The EU budget is financed by revenue from the member states, known as “own resources”. A member state’s share of the EU budget is based on its share of the EU’s economic power based on gross national income.

How does the EU finance itself?

The general budget is financed primarily by own resources, which are made available by the member states. The terms for financing the EU budget are set out in the Own Resources Decision, which stipulates which categories of own resources are to be introduced or abolished. The Own Resources Decision must be adopted unanimously by the Council following consultation with the European Parliament. After that, all member states must ratify the Own Resources Decision (in other words, they must approve it in accordance with their respective constitutional requirements). Ratification in Germany requires the adoption of a legislative act with the consent of the Bundesrat.

These are the main categories of own resources:

These are customs duties that member states levy on goods imported from outside the EU, along with sugar levies.

VAT-based own resources are contributions from the member states’ national budgets.

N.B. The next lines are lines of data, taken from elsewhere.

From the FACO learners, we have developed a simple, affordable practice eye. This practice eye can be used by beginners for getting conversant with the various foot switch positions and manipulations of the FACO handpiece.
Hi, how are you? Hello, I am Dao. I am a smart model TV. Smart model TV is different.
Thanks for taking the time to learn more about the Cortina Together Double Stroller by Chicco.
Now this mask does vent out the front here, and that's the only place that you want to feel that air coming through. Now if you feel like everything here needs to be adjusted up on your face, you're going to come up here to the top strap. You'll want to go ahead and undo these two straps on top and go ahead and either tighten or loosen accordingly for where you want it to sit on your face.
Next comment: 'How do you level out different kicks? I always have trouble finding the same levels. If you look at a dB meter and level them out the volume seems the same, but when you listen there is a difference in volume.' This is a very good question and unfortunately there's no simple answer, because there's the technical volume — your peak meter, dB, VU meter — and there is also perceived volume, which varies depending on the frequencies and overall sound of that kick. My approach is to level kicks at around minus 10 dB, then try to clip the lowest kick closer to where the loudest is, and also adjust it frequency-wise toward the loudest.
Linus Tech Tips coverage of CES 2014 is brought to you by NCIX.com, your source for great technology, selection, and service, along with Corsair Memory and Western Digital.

These contributions are calculated on the basis of the harmonised VAT base of each member state.

Based on the conclusions adopted by the European Council during its special meeting on 17–21 July 2020, the EU plans to introduce a new category of own resources starting on 1 January 2021. These new own resources will take the form of a contribution calculated on the basis of the weight of non-recycled plastic packaging waste in each member state. Like VAT-based own resources, this “plastics contribution” will be paid out of member states’ national budgets.

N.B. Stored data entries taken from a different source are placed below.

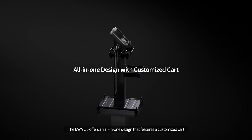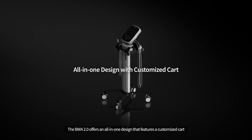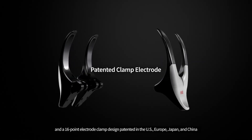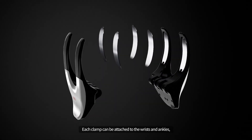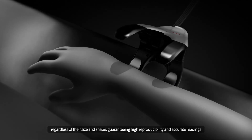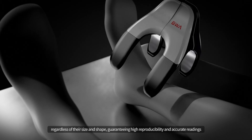The BWA 2.0 offers an all-in-one design that features a customized cart and a 16-point electrode clamp design patented in the U.S., Europe, Japan, and China. Each clamp can be attached to the wrists and ankles regardless of their size and shape, guaranteeing high reproducibility and accurate readings.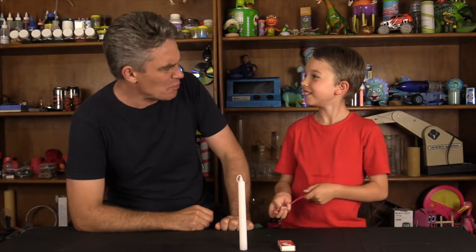Hi everyone, I'm Jacob and this is Sam and we like to make science fun! Now, Sam, balloons burn don't they? Yeah. Let's have a look. Okay!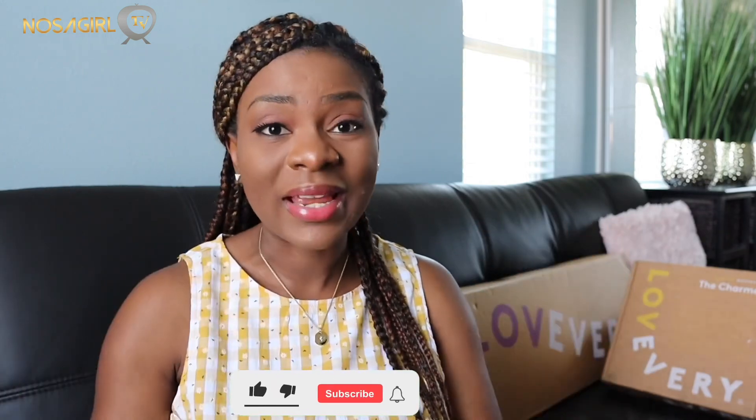Hey guys, welcome back to my channel and welcome to another video. This video is really exciting because I am going to be doing an unboxing and review of these products. I am collaborating with a company called Lovevery - I am also partnering with them, so I'm going to be sharing an affiliate link with you guys at the end of this video.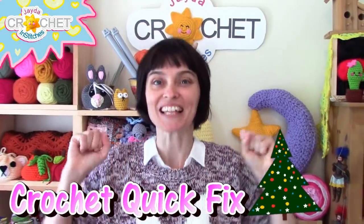Hey everybody! Welcome to the Jaden Stitches Show. It's time for another little crochet quick fix. So let's grab our hooks, grab our yarn, head on over to the craft table, and let's stitch it up together!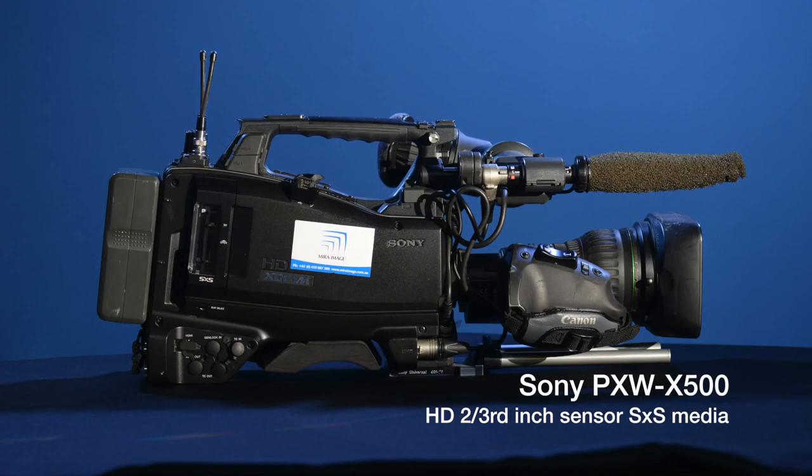Hi there, I'm David and I'm Conn, and we're back for another episode of Camera Peeps. We've got this one to ourselves — we're going to talk about a two-thirds inch ENG camera, and it is the PXW-X500 from Sony. This particular camera is mine and it's part of my lineup of cameras that I have to cover all sorts of aspects of the work that I do.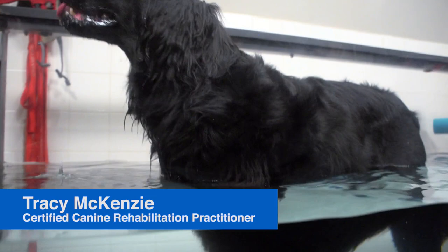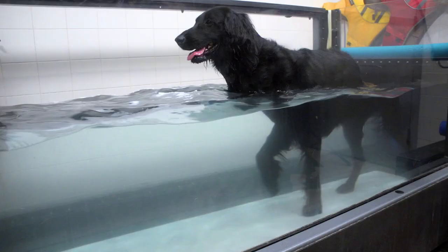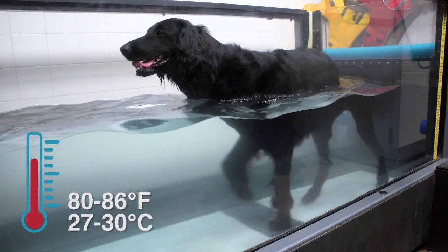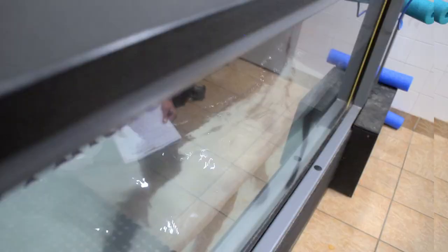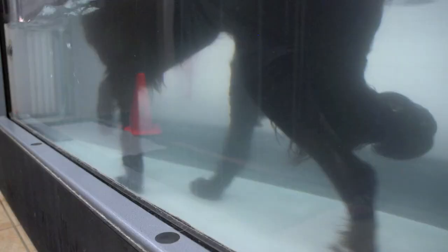Hydrotherapy will speed the recovery process in that the buoyancy of the water allows them to exercise for longer distances and faster speeds without putting stress on the injury or surgical repair. It takes about double the effort to move through water than it does through air, so that's where she's getting the strengthening from the resistance of the water. And then the warmth of the water relaxes and soothes all of the tissues that are submerged. And it feels good.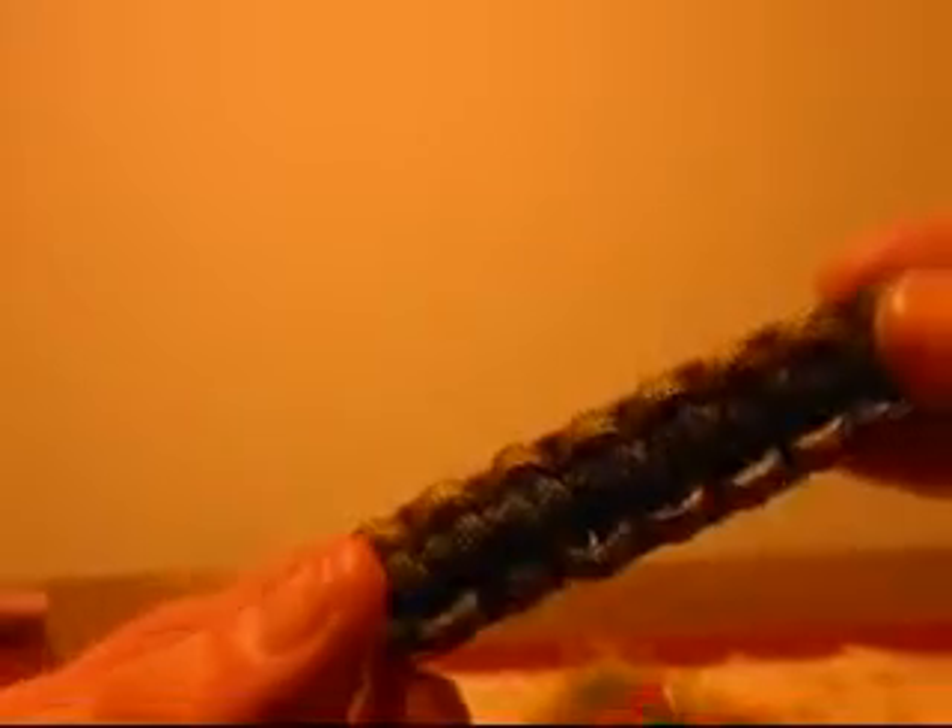And there you have it — paracord knife lanyard. Got multicam in the middle and OD green on the outside, or the opposite: multicam on the outside, OD green on the inside, and you get an OD green lanyard. Loop it through and there you go. Same as a bracelet, easy — 5 feet of paracord. And you can add it on just about anything: flashlights, knives, you can make them miniature and put them on zippers, whatever you prefer.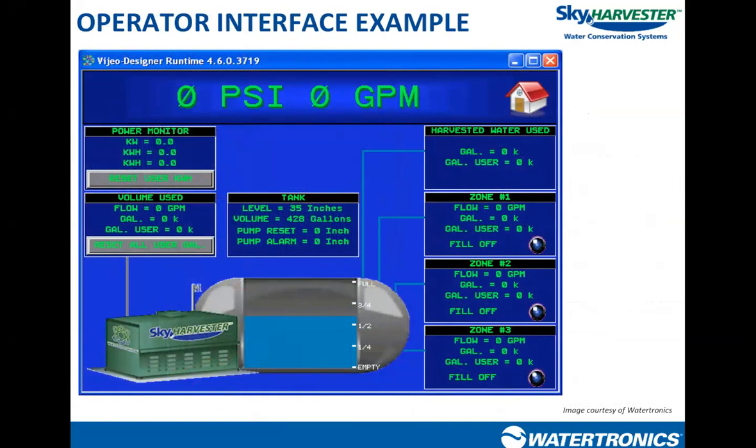The operator interface on a rainwater system tells you things like tank level, alarm levels, how much city water you used, and how much rainwater you used. That last one is important — after a system has been installed for a year, the owner's first question is usually how much rainwater did I save and how much city water did I not purchase. If we don't incorporate flow sensors and measuring devices in various places and display and record those values, we can't tell the owner how much water they saved. We can't know what we don't measure.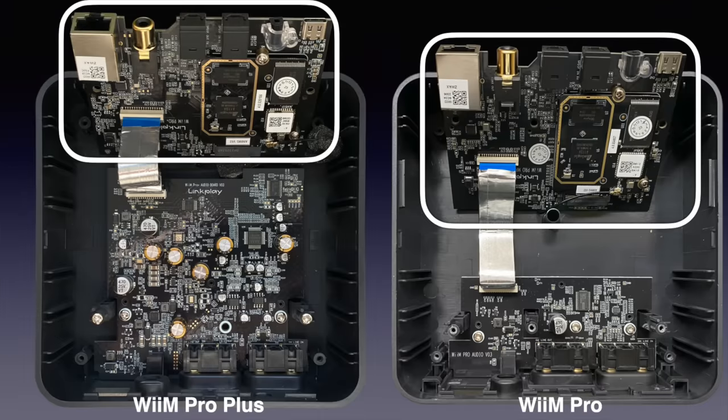By popular demand, I investigated the sound difference between a good DAC fed from a WiiM Mini, a WiiM Pro Plus, and a more upmarket Magna Mano MK3 Farad. I have reviewed all three streamers individually — see the description for the reviews. Since there is no difference between the digital board in a WiiM Pro and a WiiM Pro Plus, I only tested the Pro Plus here.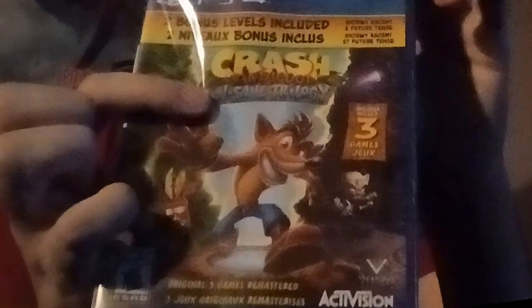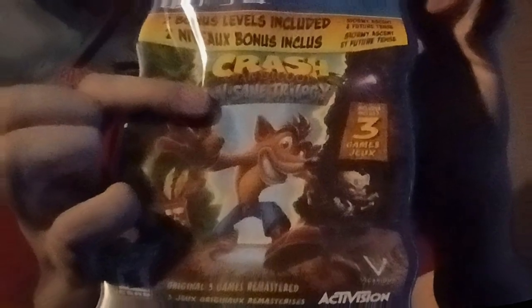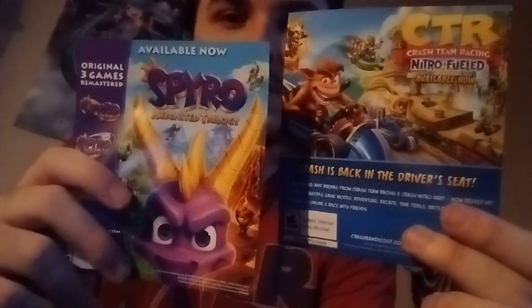And the remastered version of Crash Bandicoot — Crash Bandicoot Insane Trilogy. I used tweezers instead of scissors to open. I have to unbox this. I didn't know it was Spanish, I thought it was the wrong language. But I switched it back to English. Now, that's the disc.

GNI-based own resources remain by far the most important source of financing for the EU budget. These are based on a fixed percentage that is applied to the GNI of each member state. GNI-based own resources are used to finance the part of the EU’s expenditure that is not covered by the first two types of own resources.

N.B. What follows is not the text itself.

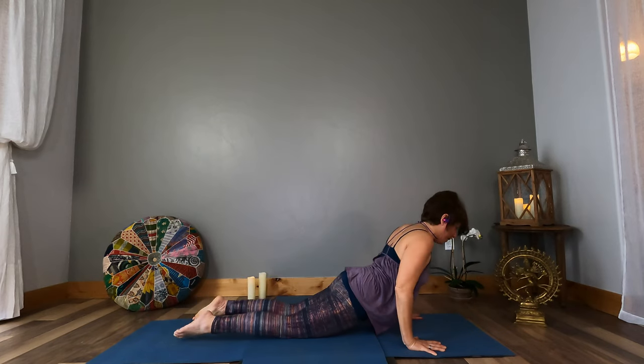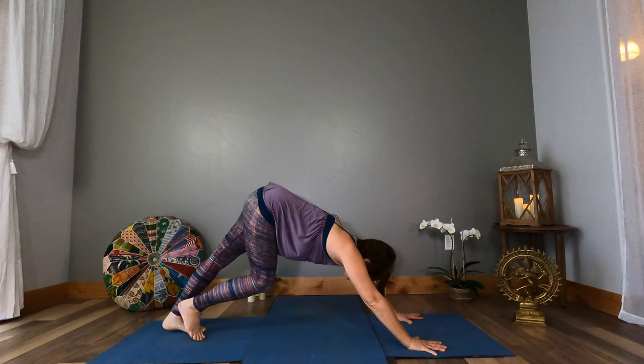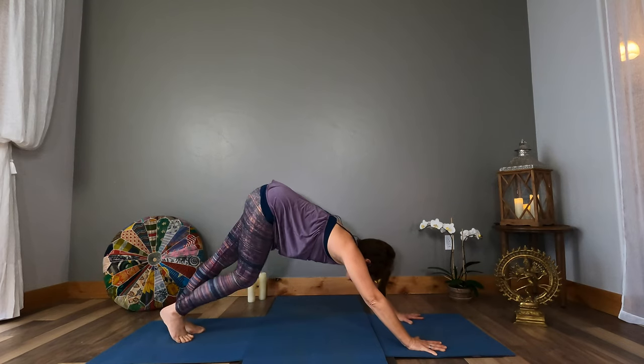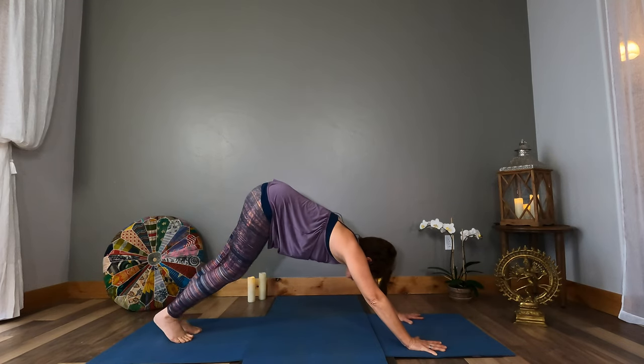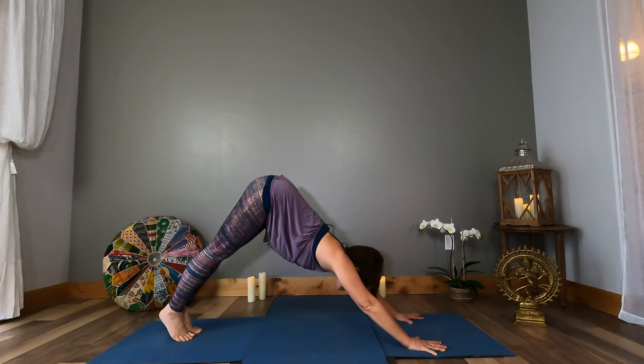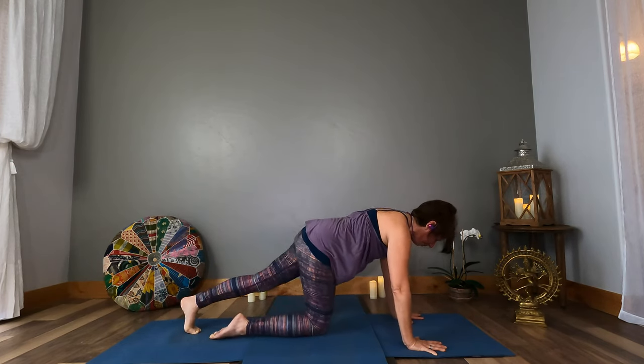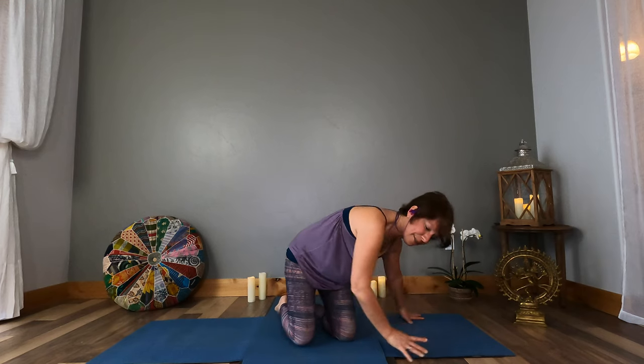Exhale fold. Inhale halfway open — step and float back, Chaturanga Dandasana. Cobra or up dog. Exhale back to downward facing dog. Take a full inhale, full exhale. Come onto your knees, sit back on your heels, and bring your hands to your heart.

In order to finance the Next Generation EU recovery plan, the member states agreed at the European Council in July that the European Commission will be granted temporary rights to borrow funds on the capital markets. This borrowing will take the form of a one-time, exceptional bond issue. This bond issue will be time-limited, with a clearly defined volume and a binding repayment plan (liabilities are to be paid back by 2058).


European public goods
European public goods

Goods that are made available to the public at the EU level and that create added value equally for all Europeans are referred to as “European public goods”. EU finances must place a central focus on these public goods, which include key priorities such as climate action, digital transformation, research and innovation.

Creating European added value

EU member states face a number of international challenges that they can no longer effectively solve by acting on their own. These challenges include climate change, global trade relations, the taxation of multinational corporations, financial market stability and migration.

This situation raises a crucial question: How can competencies at the national and European level be redistributed in specific policy areas in a way that (a) optimises the use of financial resources and (b) creates greater European added value? A reorganisation of how tasks are distributed at the European level – with a clear focus on European public goods – can strengthen the EU and enhance its ability to master international challenges by taking a more concerted approach.

For this reason, it is essential to strengthen the EU’s ability to meet the demands of the future. EU finances must place a central focus on the advancement of joint tasks and objectives such as climate action, digital transformation, innovation and research.